--- PROBLEM TO SOLVE ---
Write out the following listing's lines from the one with "Bulanıklık arka planda Office ahşap masa" to the one with "Used 1998 Cadillac De Ville image 20", exactly, with both included and no others.

───── RECORDS FOR THIS TASK

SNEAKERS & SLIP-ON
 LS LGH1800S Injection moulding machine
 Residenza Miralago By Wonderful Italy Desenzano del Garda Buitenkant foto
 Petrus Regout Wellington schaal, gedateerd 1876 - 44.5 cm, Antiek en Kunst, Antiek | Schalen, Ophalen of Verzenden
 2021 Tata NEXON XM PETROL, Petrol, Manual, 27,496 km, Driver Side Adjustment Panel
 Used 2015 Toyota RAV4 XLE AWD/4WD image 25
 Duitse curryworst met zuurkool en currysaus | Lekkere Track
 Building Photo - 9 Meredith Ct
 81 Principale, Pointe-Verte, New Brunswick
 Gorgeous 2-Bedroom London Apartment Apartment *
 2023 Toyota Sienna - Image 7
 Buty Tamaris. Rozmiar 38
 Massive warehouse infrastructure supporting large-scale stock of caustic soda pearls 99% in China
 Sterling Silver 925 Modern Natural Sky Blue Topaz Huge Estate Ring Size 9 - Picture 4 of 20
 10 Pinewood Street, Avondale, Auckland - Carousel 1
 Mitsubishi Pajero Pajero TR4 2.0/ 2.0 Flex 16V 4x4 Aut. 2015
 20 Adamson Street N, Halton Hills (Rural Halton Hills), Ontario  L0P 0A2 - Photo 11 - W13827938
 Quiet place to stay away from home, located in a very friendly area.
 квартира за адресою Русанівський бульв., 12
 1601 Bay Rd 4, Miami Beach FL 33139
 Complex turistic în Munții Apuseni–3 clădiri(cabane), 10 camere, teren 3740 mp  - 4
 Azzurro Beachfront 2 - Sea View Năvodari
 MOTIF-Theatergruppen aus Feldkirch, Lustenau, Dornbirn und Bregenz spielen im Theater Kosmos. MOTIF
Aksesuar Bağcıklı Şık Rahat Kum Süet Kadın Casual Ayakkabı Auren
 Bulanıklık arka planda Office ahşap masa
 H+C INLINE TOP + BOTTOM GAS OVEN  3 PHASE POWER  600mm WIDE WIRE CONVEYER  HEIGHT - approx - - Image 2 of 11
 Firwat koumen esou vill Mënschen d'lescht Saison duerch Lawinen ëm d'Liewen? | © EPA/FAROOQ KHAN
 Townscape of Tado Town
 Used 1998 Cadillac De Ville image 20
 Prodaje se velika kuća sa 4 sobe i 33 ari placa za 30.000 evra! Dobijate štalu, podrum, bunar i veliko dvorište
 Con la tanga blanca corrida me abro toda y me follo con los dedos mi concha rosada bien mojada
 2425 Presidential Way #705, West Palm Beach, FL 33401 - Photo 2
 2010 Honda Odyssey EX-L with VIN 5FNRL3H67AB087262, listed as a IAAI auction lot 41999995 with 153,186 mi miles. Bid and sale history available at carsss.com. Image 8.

──────────

--- SOLUTION TO THIS TASK ---
 Bulanıklık arka planda Office ahşap masa
 H+C INLINE TOP + BOTTOM GAS OVEN  3 PHASE POWER  600mm WIDE WIRE CONVEYER  HEIGHT - approx - - Image 2 of 11
 Firwat koumen esou vill Mënschen d'lescht Saison duerch Lawinen ëm d'Liewen? | © EPA/FAROOQ KHAN
 Townscape of Tado Town
 Used 1998 Cadillac De Ville image 20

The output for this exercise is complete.